Stockfish - material balance/imbalance evaluation

Sven · Post by **Sven** » Fri May 07, 2010 11:48 am

mcostalba wrote:
Ralph Stoesser wrote:The bad bishop issue is not only a mobility issue, but a long term mobility issue.
In chess engines "long term" is called "search depth"
Ralph Stoesser wrote:By evaluating only the bishop's mobility, the engine has no knowledge about how deep behind the search horizon the mobility issue would be valid.
Are you sure ?

When we talk of "horizon" we are talking of about 20 moves ahead and counting...

For human chess players the existence of "bad" bishops vs. either "good" bishops or knights in the middlegame can be an important reason to decide about trading pieces and going into an endgame or not. This can really be a "long term" issue, especially if the pawn structure is quite stable due to blocked pawns. For an engine, even a 30-ply search in such middlegames may often end up in doing static evaluation of an early endgame position, where an estimate about "bad" bishops can be helpful.

Therefore I agree with Ralph stating that a bad bishop is not defined via current mobility only, i.e. the square color of pawns may be relevant, too, even if those pawns are currently not attacked or defended by the bishop.

Sven

Sven · Post by **Sven** » Fri May 07, 2010 12:31 pm

Sven Schüle wrote:
mcostalba wrote:
Ralph Stoesser wrote:The bad bishop issue is not only a mobility issue, but a long term mobility issue.
In chess engines "long term" is called "search depth"
Ralph Stoesser wrote:By evaluating only the bishop's mobility, the engine has no knowledge about how deep behind the search horizon the mobility issue would be valid.
Are you sure ?

When we talk of "horizon" we are talking of about 20 moves ahead and counting...
For human chess players the existence of "bad" bishops vs. either "good" bishops or knights in the middlegame can be an important reason to decide about trading pieces and going into an endgame or not. This can really be a "long term" issue, especially if the pawn structure is quite stable due to blocked pawns. For an engine, even a 30-ply search in such middlegames may often end up in doing static evaluation of an early endgame position, where an estimate about "bad" bishops can be helpful.

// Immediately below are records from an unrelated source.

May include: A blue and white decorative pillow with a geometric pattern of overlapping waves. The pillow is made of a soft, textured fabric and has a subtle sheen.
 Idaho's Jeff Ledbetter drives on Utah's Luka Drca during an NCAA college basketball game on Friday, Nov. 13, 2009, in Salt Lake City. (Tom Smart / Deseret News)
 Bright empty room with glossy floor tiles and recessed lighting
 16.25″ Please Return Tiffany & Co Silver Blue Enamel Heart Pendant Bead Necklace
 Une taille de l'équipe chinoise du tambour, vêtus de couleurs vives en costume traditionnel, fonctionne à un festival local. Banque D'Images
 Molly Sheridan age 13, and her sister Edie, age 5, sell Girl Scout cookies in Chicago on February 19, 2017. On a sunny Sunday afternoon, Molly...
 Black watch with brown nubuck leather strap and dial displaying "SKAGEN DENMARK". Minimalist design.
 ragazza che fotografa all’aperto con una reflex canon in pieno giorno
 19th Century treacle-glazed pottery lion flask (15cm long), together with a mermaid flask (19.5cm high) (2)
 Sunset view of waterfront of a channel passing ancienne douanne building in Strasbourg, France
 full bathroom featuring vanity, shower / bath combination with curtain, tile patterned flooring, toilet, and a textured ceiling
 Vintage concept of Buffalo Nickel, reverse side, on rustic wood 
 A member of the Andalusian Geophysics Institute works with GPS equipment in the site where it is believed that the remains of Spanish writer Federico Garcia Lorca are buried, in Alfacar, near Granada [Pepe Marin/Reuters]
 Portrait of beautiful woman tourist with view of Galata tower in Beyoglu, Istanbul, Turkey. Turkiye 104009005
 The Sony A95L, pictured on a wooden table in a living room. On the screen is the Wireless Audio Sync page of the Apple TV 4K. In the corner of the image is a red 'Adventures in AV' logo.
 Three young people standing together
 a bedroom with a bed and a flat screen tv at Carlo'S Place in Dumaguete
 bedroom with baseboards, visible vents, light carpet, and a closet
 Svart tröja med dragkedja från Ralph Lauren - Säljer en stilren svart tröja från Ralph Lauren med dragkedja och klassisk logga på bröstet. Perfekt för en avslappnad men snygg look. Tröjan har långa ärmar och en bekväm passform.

Therefore I agree with Ralph stating that a bad bishop is not defined via current mobility only, i.e. the square color of pawns may be relevant, too, even if those pawns are currently not attacked or defended by the bishop.

Consider this example position:
[d]
Even a shallow (e.g. 12 ply) search finds that white can win easily, everyone can figure this out. But strong human chess players, and not only the strongest ones, "know" from looking at the position, or can visualize during analysis, that black has the bad bishop and will lose by some kind of zugzwang. So strong humans will evaluate this position as "won" without further search, as soon as they detect that the white king is active enough to reach the fourth rank and oppose the black king. (You may consider this to be like "search", of course ...)

Stockfish 1.7.1 analysis, for instance:

Code: Select all

 12	+2.06	18747	0:00.08	Bd5 Be8 Kd4 Kd6 Ba2 Kc6 Ke5 Kc7 Kd5 Kd8 Kc5 Kd7 Kxb5 Kd6+ Kb6 Ke5 Bc4 Kf5

where a human analysis would probably include 6...Kc7 7.Bd5 (zugzwang) Kd8 8.Bc6 instead of 6...Kd7 7.Kxb5.

But there is no close relation to the current mobility of both bishops in this case. Black bishop has mobility to 7 squares, so who would call him "bad" based on only that? It is the fact that all black pawns are on the bishop's square color and blocked while he can't attack any single white pawn that makes him appear very bad.

Sven

Ralph Stoesser · Post by **Ralph Stoesser** » Fri May 07, 2010 12:54 pm

According to a great post from Tord about the evaluation in general, we could face the following problem.

When we penalize positions with blocked pawns of the same square color as the bishop's square color, we slightly lower the average bishop's value over all chess positions. This could be a problem especially in case the blockade of such pawns is not stable enough.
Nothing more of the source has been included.